Nelle sculture della Micheli non c’è nessuna apologia della fecondità, nessuna deificazione della “donna madonna”, nessuna nuova icona creata attorno all’”angelo del focolare”; forse ancora qualche concessione all’intimismo sentimentale, certo, ma in una materia originale che ci permette di non considerarlo un luogo comune. L’intimismo della Micheli mi sembra comunque sui generis, non rinchiuso esclusivamente al piacere del ricordo individuale.
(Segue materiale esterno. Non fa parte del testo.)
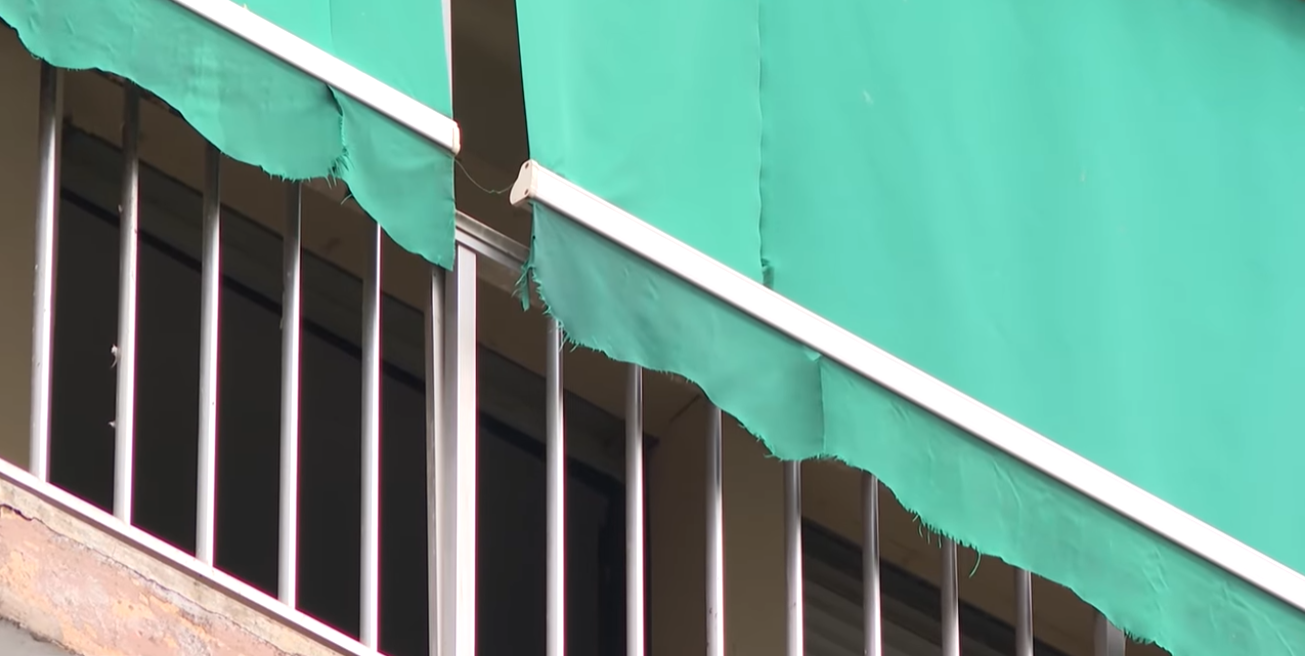 Vista de una ventana del apartamento donde vivía Antonio Famoso | Fuente YouTube/Diario AS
Sono predisposte alla “spersonalizzazione“ quelle madri e quelle apprendiste madri (le bambine con i bambolotti) senza veri e propri occhi, incapaci di comunicare attraverso quel essenziale veicolo di affetti che è lo sguardo; sono figure strappate alla memoria, ma non riconsegnate alla vita, rimaste in un limbo a metà strada fra la realtà fenomenica e la dimensione assoluta. Ci accorgiamo così che le madri presenti e future della Micheli incarnano quasi in maniera archetipa un tema formale e ideale che esula dal semplice riscontro intimistico: la donna che abbraccia, dispensatrice per l’umanità del dono dell’affetto, è una creatura conformata perfino fisicamente per svolgere questa funzione. E’ un modo per riaffermare la santità del ruolo materno, ma finalmente senza nostalgie fuori luogo, senza nuovi contributi al campionario delle ovvietà.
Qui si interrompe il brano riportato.